[[ SOURCE INFORMATION, beginning ]]

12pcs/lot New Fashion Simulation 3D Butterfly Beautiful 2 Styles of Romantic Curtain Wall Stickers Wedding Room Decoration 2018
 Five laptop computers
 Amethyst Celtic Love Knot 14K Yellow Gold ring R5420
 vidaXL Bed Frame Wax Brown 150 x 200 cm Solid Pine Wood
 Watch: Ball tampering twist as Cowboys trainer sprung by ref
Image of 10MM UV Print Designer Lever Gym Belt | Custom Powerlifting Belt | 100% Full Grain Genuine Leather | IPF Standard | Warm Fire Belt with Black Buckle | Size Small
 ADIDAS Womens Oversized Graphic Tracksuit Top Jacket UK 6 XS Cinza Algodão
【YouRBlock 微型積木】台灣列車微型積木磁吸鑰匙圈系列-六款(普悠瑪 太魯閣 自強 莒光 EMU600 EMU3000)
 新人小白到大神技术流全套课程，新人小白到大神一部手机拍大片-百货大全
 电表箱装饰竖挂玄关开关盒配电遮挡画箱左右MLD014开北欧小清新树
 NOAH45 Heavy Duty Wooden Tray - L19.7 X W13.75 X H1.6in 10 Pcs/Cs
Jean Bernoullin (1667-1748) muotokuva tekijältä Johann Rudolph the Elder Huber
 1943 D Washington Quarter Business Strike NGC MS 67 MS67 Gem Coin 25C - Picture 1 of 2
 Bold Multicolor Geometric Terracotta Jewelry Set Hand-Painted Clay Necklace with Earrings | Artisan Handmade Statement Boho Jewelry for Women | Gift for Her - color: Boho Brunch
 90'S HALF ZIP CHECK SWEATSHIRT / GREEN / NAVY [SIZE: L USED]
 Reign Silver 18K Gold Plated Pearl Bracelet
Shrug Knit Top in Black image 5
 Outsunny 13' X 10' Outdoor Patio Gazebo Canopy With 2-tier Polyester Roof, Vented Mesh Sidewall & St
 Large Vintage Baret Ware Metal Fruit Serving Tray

[[ SOURCE INFORMATION, end ]]

**ABOUT THIS TASK**
Return exactly the lines of the data, and only those, from the line with "Shrug Knit Top in Black image 5" through the last line, inclusive.

**THE COMPLETED TASK**
Shrug Knit Top in Black image 5
 Outsunny 13' X 10' Outdoor Patio Gazebo Canopy With 2-tier Polyester Roof, Vented Mesh Sidewall & St
 Large Vintage Baret Ware Metal Fruit Serving Tray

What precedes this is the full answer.